Al mismo tiempo, se le da la oportunidad a la “verdad oficial” de desenvolver sus argumentos y contraargumentar la visiones opuestas. De otra manera, las opiniones contrarias seguirán expresándose en la clandestinidad de los pasillos o a la sombra de la máquina de café y nunca serán rebatidas, antes bien, típicamente entrarán en un proceso de realimentación negativa que al final resulta en la atribución a los jefes (a la empresa, se diría) de los intereses más oscuros y peregrinos. Por otro lado, quienes defienden la “verdad oficial”, al no tener la obligación de explicarla, razonarla y exponer en profundidad su justificación, caerán en un letargo intelectual y terminarán creyendo que no sólo no es necesario dar razones a los demás sino ni siquiera a uno mismo. Quedarán empobrecidos como personas.

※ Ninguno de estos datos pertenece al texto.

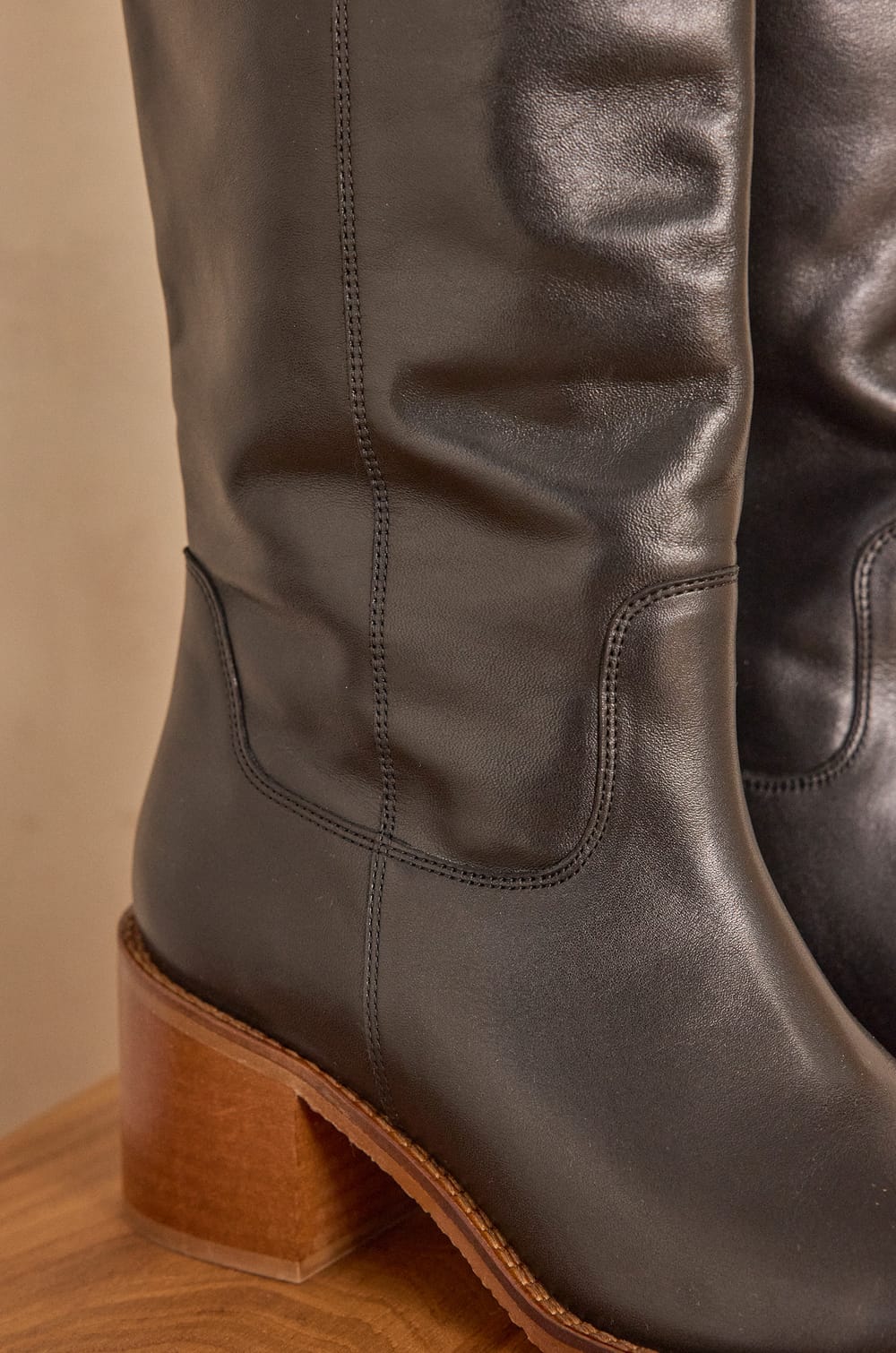 VICTORIA leather boots;${refinementColor}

Quien pierde pues son ambos grupos que, incomunicados unos de otros, se quedarán cada uno con su visión parcial y distorsionada. Porque sin libertad de expresión en las empresas los managers con nuestro poder formal venceremos, pero convenceremos como dijo el escritor.
¡Buen comentario!.
Por muy políticamente incorrecto que sea, suscribo su contenido.
Los derechos que tenemos en la sociedad civil existen porque son buenos para nuestra convivencia, para el bien general; aunque no siempre estuvieron ahí.
Sin embargo nos parece normal que los trabajadores al traspasar la puerta de la empresa dejemos atrás la mayoría de nuestros derechos. No hemos avanzado mucho desde los tiempos de Henry Ford.
No hemos abolido la esclavitud sólo la hemos reducido a 8 horas diarias.